Bevrijden door passagiers zelf
Indien passagiers zich in geval van storing zelf kunnen bevrijden, dan moet in de kooi duidelijk zijn aangegeven hoe dit bevrijden kan geschieden. In de kooi moet een aanwijzing zijn opgenomen voor de passagiers om zichzelf te bevrijden.

Gebruiksaanwijzing
Instructieboek
Alle veiligheidscomponenten, zoals in bijlage IV genoemd moeten zijn vergezeld van een instructieboek in de taal van het land, waar installatie plaatsvindt of van een aanvaarde, in de gemeenschap gesproken taal, opdat:
* Montage,
* Aansluiting,
* Afstelling,
* Onderhoud
op doeltreffende en veilige wijze kan plaatsvinden.

Documentatie
Elke lift moet zijn vergezeld van documentatie in de landstaal, waar de installatie wordt ge nstalleerd. Deze documentatie moet ten minste omvatten:
Een instructieboek dat voor normaal gebruik, onderhoud, inspectie, reparatie, periodiek controle en de in 4.4 bedoelde hulpverlening benodigde schema's en tekeningen bevat.
Een liftboek, waarin reparaties en eventuele periodieke inspecties kunnen worden opgetekend.

Wat de huidige EN 81 wel vraagt
De huidige uitgave van EN 81 is in gebaseerd op gelijke eisen, maar gaat op vele punten verder in details. Het betreft dan ook een produktnorm, die per definitie meer op details ingaat.
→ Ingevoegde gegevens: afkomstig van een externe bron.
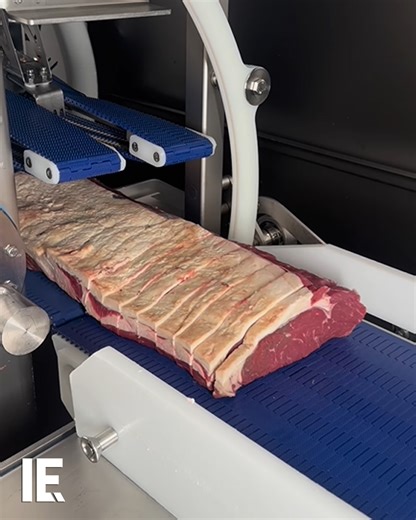 This automated slicer delivers uniform cuts of beef with precision and efficiency, perfect for food processing industries. What do you think of this technology? 📹: countryvalleyfoods / IG | Well Done Stuff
Als voorbeelden hiervan zijn te noemen:
* Toegang machinekamer
* Uitvoering delen besturing
* Eisen aan vang, snelheidsbegrenzer en buffers
* Voorwaarden voor materialen deuren en schachtwanden,
* Enzovoort.

Wat de huidige norm EN 81 niet vraagt
In de Richtlijn liften staat een aantal afwijkingen van dan wel aanvullende eisen op de gangbare norm EN 81. Deze afwijkingen zijn in voorgaande dan ook behandeld. Binnen de CEN is echter een forse discussie gaande over het feit of de afwijkingen wellicht zijn te wijten aan discussies over vertaalproblemen tussen de officiële vertalers van de CEN. Teksten zijn soms aangepast om een vertaling naar een andere taal eenvoudiger te maken.